Chase believes machines can be creative, as they will be randomly combining ideas at a scale that is unprecedented. However, they cannot replace human intuition, art, consciousness, and relationships. So, whatever machines cannot do will be the areas that are left where we can truly exercise our humanity.

Here are some of the insights presented in this book:

  • Intelligent machines will render much of humanity unemployable in the foreseeable future.
  • Machines (AI systems plus robots) will be able to do anything cheaper, faster, and better. And unlike us, their capabilities will be improving all the time. At an exponential rate, if not faster.
  • Machines are now able to recognize and classify faces better than humans. They are catching up in speech recognition and they are making rapid progress with natural language processing.
  • It is possible to automate the cognitive and manual tasks that we carry out to do our jobs.
  • Machine intelligence is approaching or overtaking our ability to ingest, process, and pass on data presented in visual form and in natural language.
  • Machine intelligence is improving at an exponential rate. This rate may or may not slow a little in the coming years, but it will continue to be very fast.
  • Machine intelligence will, over the coming few decades, make it impossible for most people to find paid work.
  • We need to navigate through a dramatic transition: The economic singularity. This signals the end of capitalism as we know it.
  • We will be experiencing unprecedented productivity gains and unlimited leisure. However, we need to evolve an advanced and balanced social system suited to the world of connected intelligent systems.
  • The jobs of the future do not exist today and the jobs of today will not exist in the future.
  • Technological Singularity will change everything, but its first manifestation will come in the shape of technological unemployment.
  • How should we organize society when labor is not necessary to provide for the necessities of life? How will humans find meaning?
  • Earning a living will be an archaic concept, as we are entering a world of abundance. Right now, we look back at slavery and understand how wrong it was to earn freedom. We will similarly look back at poverty and understand how wrong it is to earn a living.
  • You will not need a job to survive or thrive in the future. You will need to find the things that will give you meaning, freedom, and curiosity.
  • Not having to work for long hours might be desirable for humans. We can then better contribute to the arts, the sciences, and the humanities. We can invent new things and ideas. We can create beauty, poetry, and philosophy.
  • Nedd Ludd gave his name to bands of frightened, angry men who smashed machines in England during the early industrial revolution. Luddites were not advancing any sophisticated economic argument — they were simply trying to defend themselves and their families from imminent starvation.
  • Service industries now comprise by far the largest part of most developed economies. They will be outsourced to robots.
  • Almost all manual jobs in factories, warehouses, and elsewhere will be done by machines and robots. If machines do all these things better than humans, how will we all earn a living?
  • We will work more closely with machines, but we will always bring uniquely human things to the party. Those uniquely human things are usually some combination of creativity and empathy.
  • This combination of man and machine is a centaur, a term borrowed from modern chess, and invented by Gary Kasparov. Centaurs will be very critical in value creation in the future.
  • Machines don’t have empathy, and probably won’t unless and until we create artificial general intelligence. Empathy requires consciousness, and machines won’t have it, but they will be able to fake empathy well.
  • We will need to invent new jobs which we cannot currently imagine. Virtual reality landscaper, dream wrangler, avatar designer, storyteller, and content creator will be some of the new jobs we might have in the future.

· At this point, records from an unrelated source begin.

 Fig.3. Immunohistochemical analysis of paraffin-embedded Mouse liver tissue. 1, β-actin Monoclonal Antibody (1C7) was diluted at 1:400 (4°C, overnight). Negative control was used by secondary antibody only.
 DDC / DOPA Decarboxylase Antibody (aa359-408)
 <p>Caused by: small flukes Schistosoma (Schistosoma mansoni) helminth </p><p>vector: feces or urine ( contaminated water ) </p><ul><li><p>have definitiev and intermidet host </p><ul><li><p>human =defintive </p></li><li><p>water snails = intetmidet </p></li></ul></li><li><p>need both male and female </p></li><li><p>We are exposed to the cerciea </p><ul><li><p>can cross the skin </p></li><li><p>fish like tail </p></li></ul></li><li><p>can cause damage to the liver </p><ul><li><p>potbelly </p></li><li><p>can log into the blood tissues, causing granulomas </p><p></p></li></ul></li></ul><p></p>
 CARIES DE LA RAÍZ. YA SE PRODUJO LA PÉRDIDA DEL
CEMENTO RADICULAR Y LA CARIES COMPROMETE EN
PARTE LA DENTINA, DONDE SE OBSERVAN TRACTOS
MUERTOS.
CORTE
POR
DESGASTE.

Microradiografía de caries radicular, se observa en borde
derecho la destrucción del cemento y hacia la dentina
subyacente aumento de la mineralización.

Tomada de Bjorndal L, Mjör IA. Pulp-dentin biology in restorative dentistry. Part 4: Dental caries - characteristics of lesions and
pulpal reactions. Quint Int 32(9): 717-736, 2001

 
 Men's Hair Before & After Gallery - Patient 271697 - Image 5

I wish this book delved mode deeply into the possible scenarios and emerging models to cope with economic and technological singularity. This book does a good introduction to these topics and covers the challenges we might be faced with. However, it does not cover many details regarding how we might solve these issues, invent new jobs, and transform our economic systems.

Insightful Quotes From This Book:

“Imagine that you are in a football stadium (either soccer or American football will do) which has been sealed to make it water-proof. The referee places a
single drop of water in the middle of the pitch. One minute later she places two drops there. Another minute later, four drops, and so on. How long do you think it would take to fill the stadium with water? The answer is 49 minutes. But what is really surprising — and disturbing — is that after 45 minutes, the stadium is just 7% full. The people in the back seats are looking down and pointing out to each other that something significant is happening. Four minutes later they have drowned.”

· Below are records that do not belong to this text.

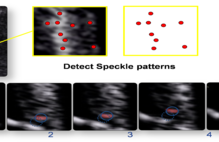 Article_box_6a433aa04efe11e7845e99c796fed397-figure-1_formatted_edited_v2-pme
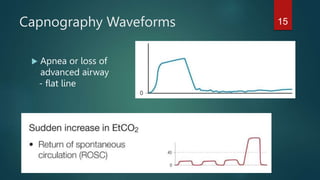 Capnography Waveforms
 Apnea or loss of
advanced airway
- flat line
15
 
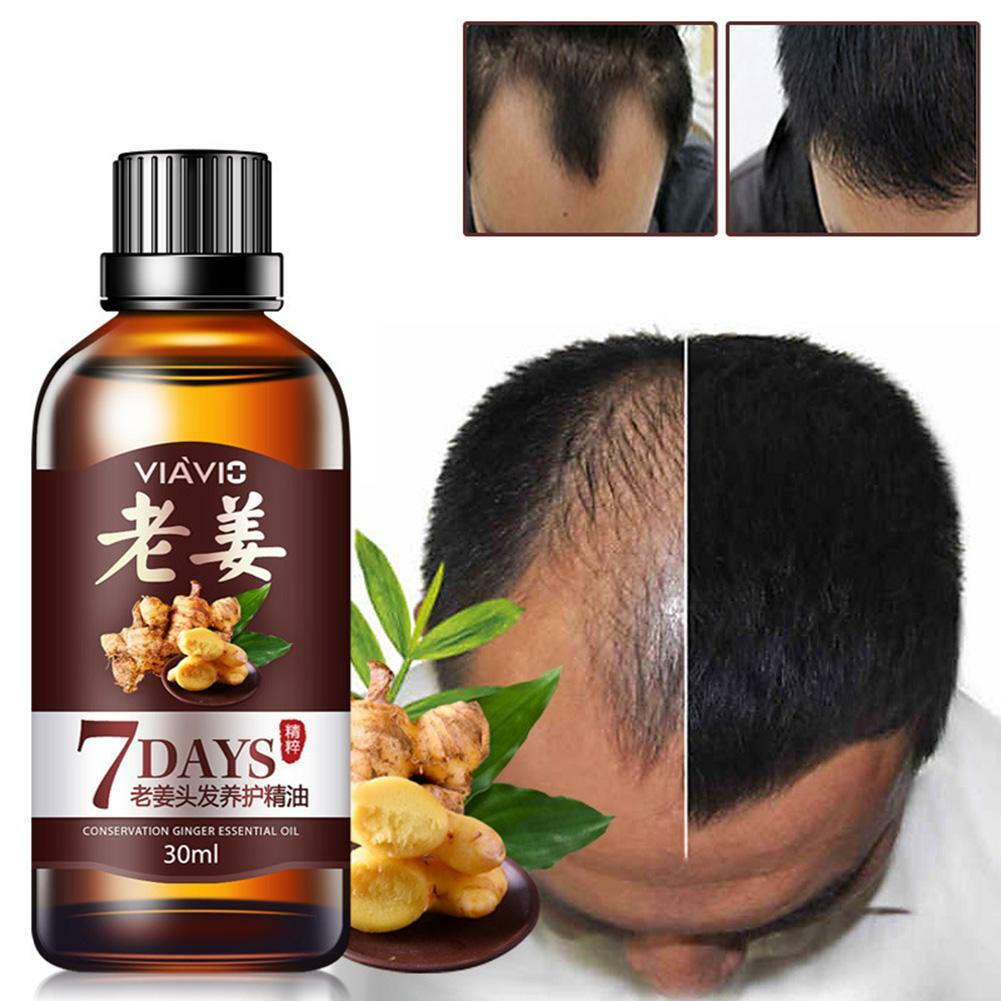 Hair Growth Essence Loss Oil Treatment Ginger Fast Natural Liquid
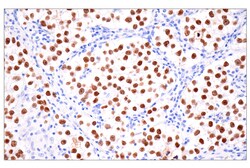 Cell Signaling Technology&nbsp;Sall4 6E3 Mouse mAb 100 ul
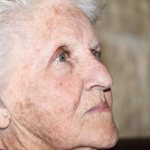 age spots on the face causes and treatment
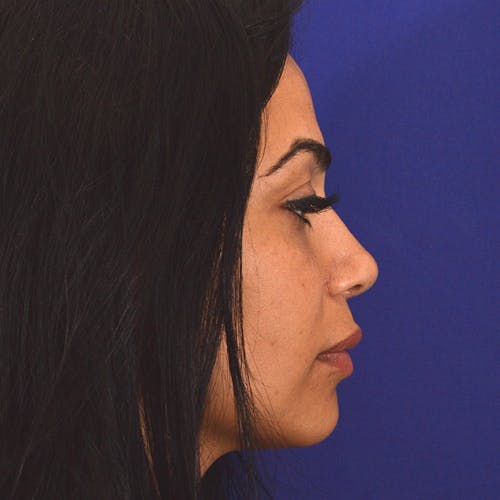 rhinoplasty patient after Beverly Hills by Dr. Torkian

“So within a decade, machines are likely to be better than humans at recognising faces and other images, better at understanding and responding to human speech, and may even be possessed of common sense. And they will be getting faster and cheaper all the time. It is hard to believe that this will not have a profound impact on the job market.”

“How much more compelling would it be to learn about Napoleon by experiencing the battle of Waterloo than by reading about it, or listening to a lecturer describe it? How much easier would it be for a teacher to explain the molecular structure of alcohol by escorting her pupils round a VR model of it?”

“Towards the end of 2015, 300 students at Georgia Institute of Technology were, unbeknownst to them, guinea pigs in an experiment to see whether they would notice that one of their nine teaching assistants was a robot. Only ever in contact via email, they would ask questions like “Can I revise my submission to the last assignment?” and receive answers back like “Unfortunately there is not a way to edit submitted feedback.” None of the students noticed that Jill Watson, named after the IBM Watson system “she” ran on, was in fact an AI.”

“Throughout the majority of history, these were mainly the people who either did not have to have a ‘job’ (because they were part of an aristocracy that had a different role to play while being supported by property and subjects), as well as the artists, artisans, philosophers or scientists who were directly supported by those patrons and therefore did not have the need to take a typical ‘job’.”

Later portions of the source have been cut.